■ PROBLEM DESCRIPTION ■
Using only the entries below, copy exactly the lines that begin at the one with "Irwin Naturals, Ashwagandha" and end at the one with "MOONFLY Shower and", both included. Drop the pictures.

Segment Start: DATASET

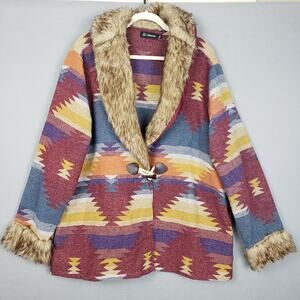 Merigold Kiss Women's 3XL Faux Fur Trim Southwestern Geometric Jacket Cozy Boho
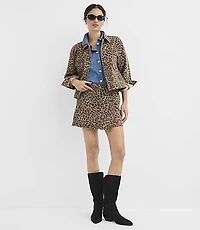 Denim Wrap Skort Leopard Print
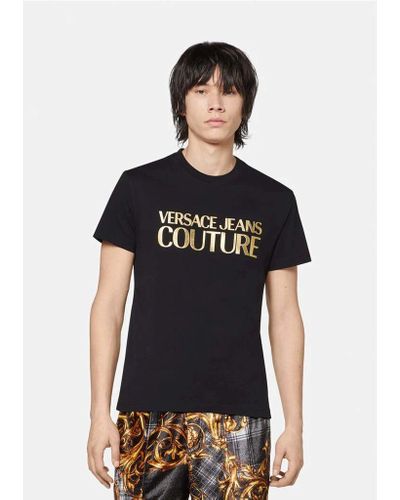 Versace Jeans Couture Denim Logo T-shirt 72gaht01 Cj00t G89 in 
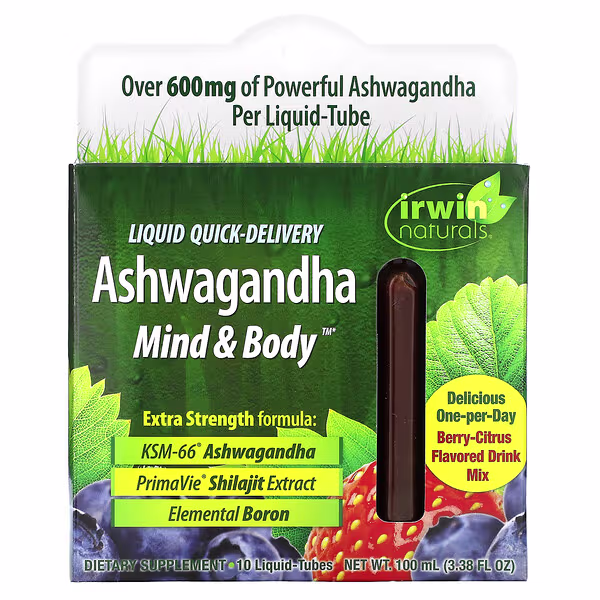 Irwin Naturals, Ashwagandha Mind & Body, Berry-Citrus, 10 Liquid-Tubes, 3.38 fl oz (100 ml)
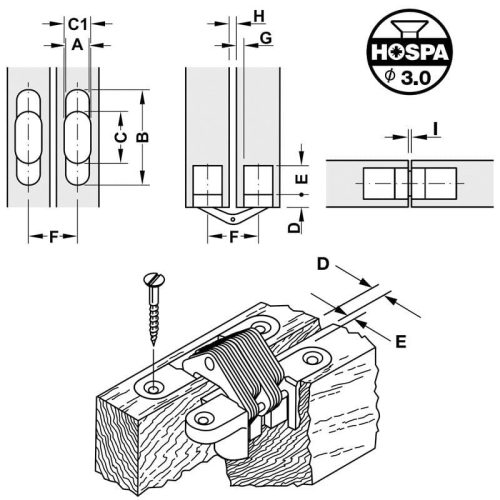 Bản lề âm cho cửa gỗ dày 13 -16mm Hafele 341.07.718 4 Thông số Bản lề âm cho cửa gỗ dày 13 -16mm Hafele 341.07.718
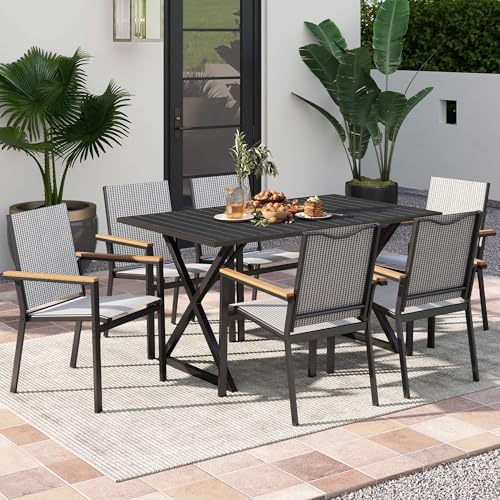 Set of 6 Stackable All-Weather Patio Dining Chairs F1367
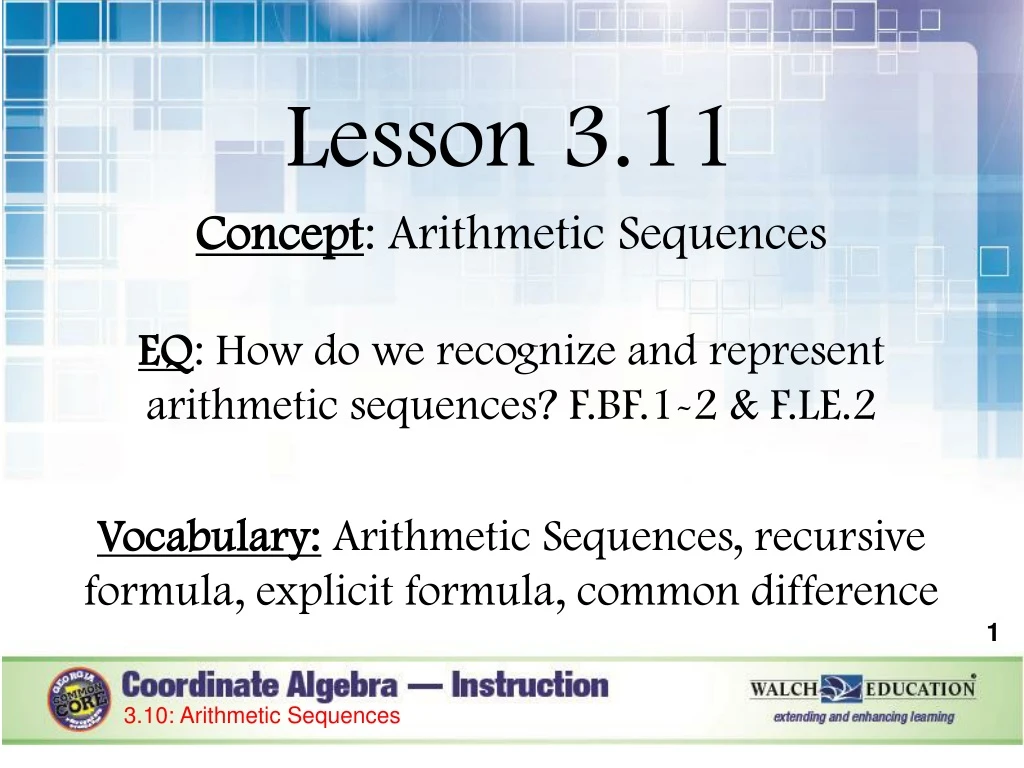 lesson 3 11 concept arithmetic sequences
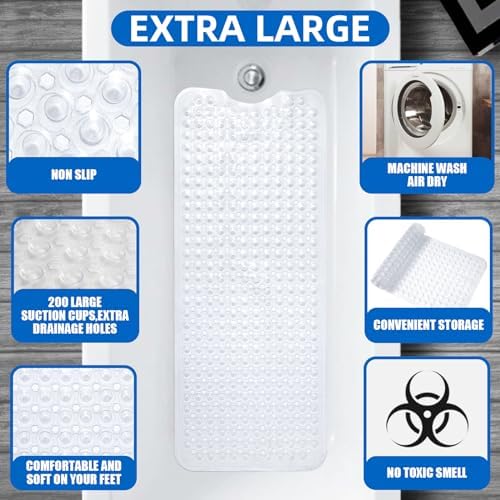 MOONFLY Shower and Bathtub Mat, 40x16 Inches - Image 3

Segment End: DATASET
Segment Start: DATASET

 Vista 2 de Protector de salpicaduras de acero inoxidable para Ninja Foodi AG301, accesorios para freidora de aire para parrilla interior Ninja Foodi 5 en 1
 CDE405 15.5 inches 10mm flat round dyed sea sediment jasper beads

Segment End: DATASET

■ THE COMPLETED TASK ■
 Irwin Naturals, Ashwagandha Mind & Body, Berry-Citrus, 10 Liquid-Tubes, 3.38 fl oz (100 ml)
 Bản lề âm cho cửa gỗ dày 13 -16mm Hafele 341.07.718 4 Thông số Bản lề âm cho cửa gỗ dày 13 -16mm Hafele 341.07.718
 Set of 6 Stackable All-Weather Patio Dining Chairs F1367
 lesson 3 11 concept arithmetic sequences
 MOONFLY Shower and Bathtub Mat, 40x16 Inches - Image 3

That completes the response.